All lines from the one that contains "AMERICANA 아메리카나 티셔츠 XXS" to the end of the data must be retyped exactly. Pictures are not retyped.

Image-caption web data
*** Block opens ***

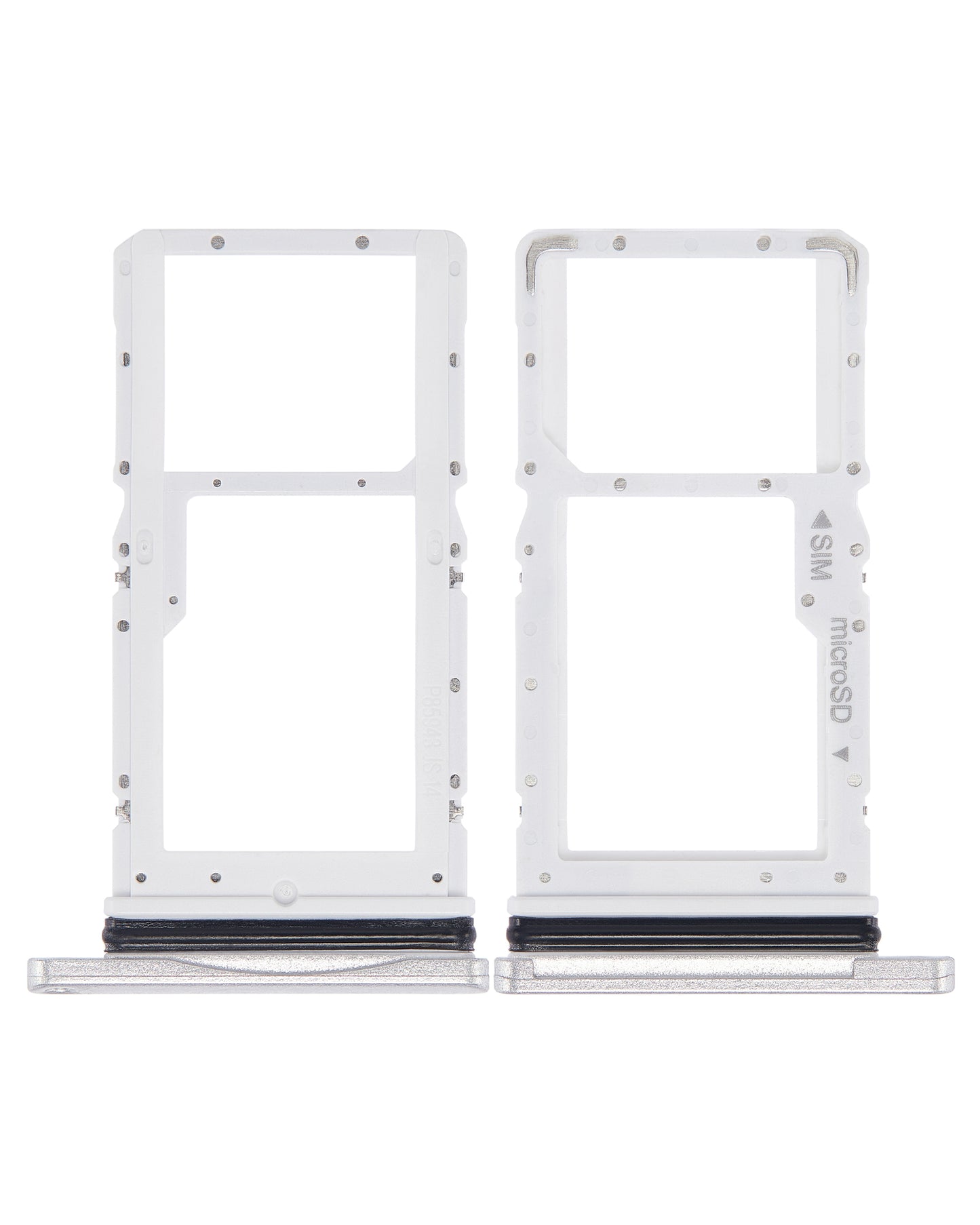 Sim Card Tray For Samsung Galaxy Tab A7 10.4" (T505 / T507 / 2020) (Silver) - Samsung Galaxy Tab A7 10.4" (2020) Replacement Parts - SKU 107082081532 - product image 2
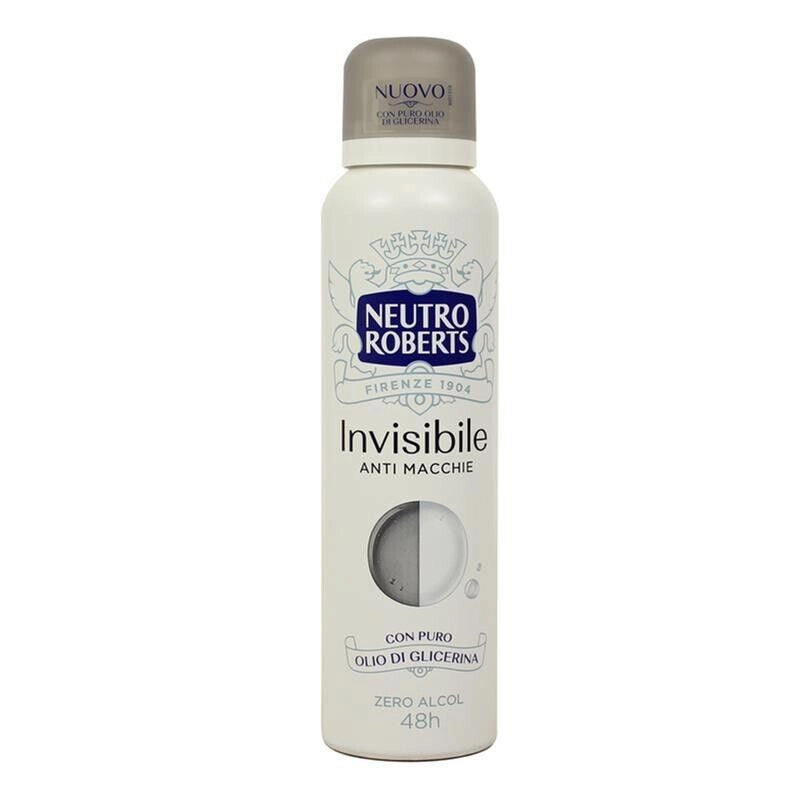 NEUTRO ROBERTS DEODORANTE SPRAY 150ML INVISIBILE
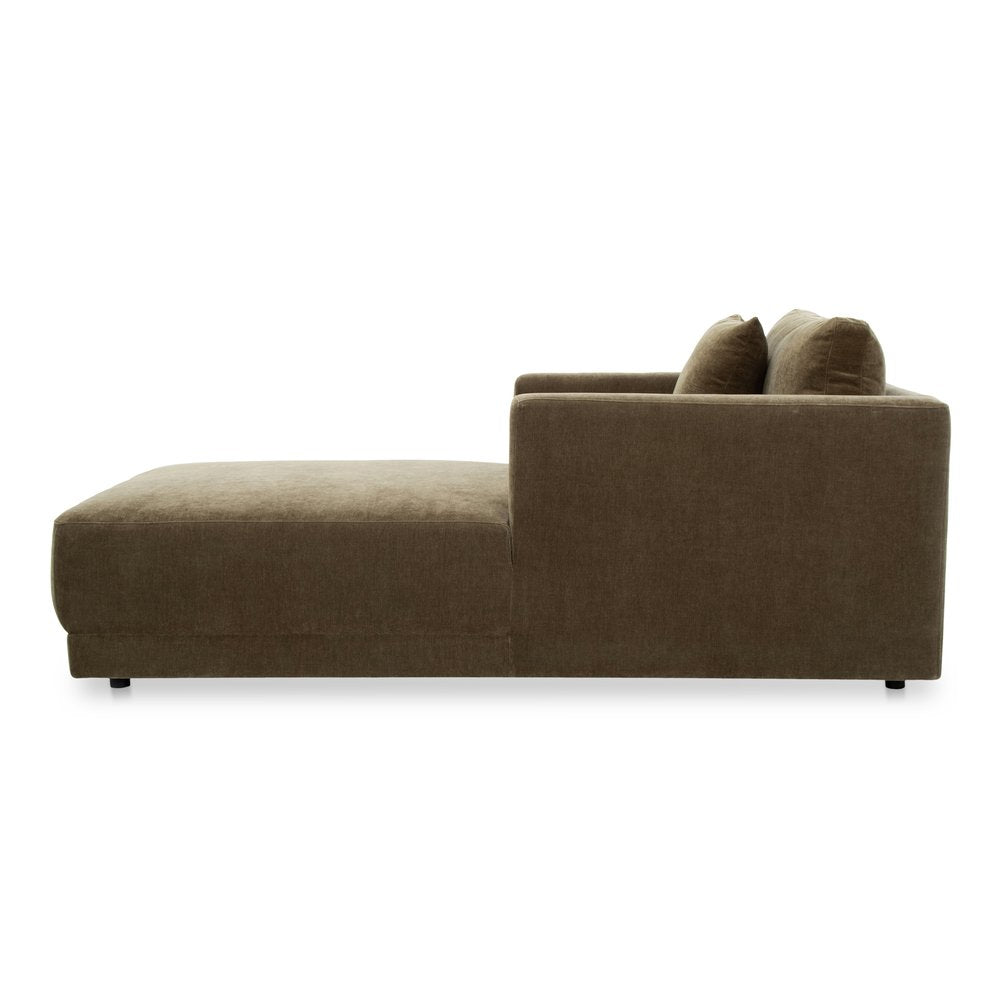Moes Home - Bryn Chaise Heritage Cedar Green - JM-1026-27 view 3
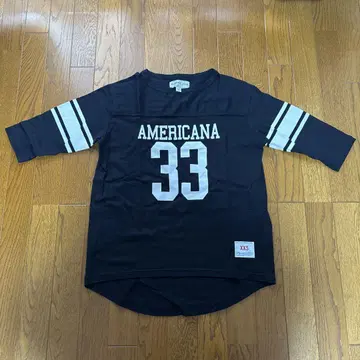 AMERICANA 아메리카나 티셔츠 XXS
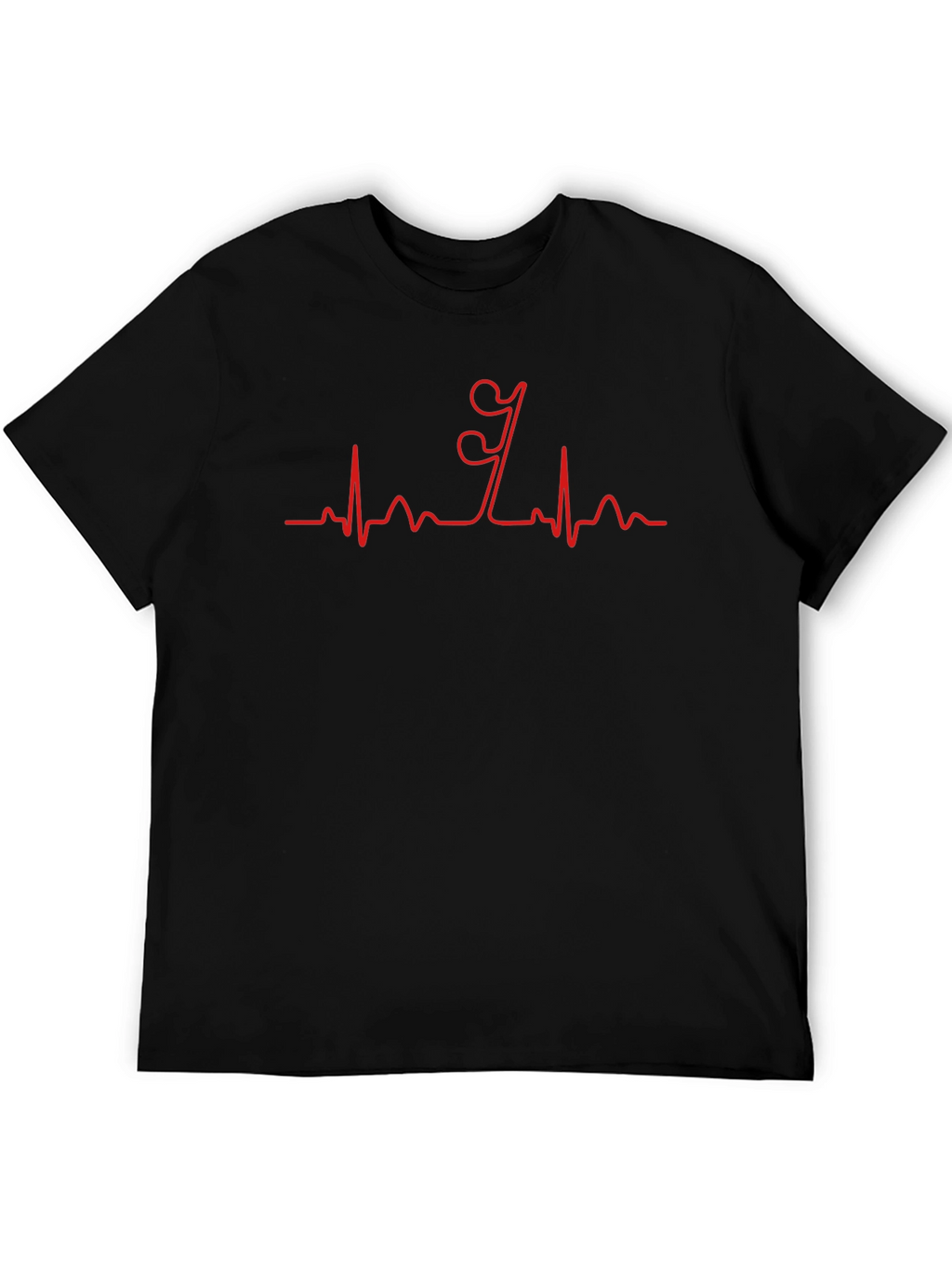 Music Heartbeat T-Shirt - Unique Musician Tee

*** Block closes ***

**Final answer:**
 AMERICANA 아메리카나 티셔츠 XXS
 Music Heartbeat T-Shirt - Unique Musician Tee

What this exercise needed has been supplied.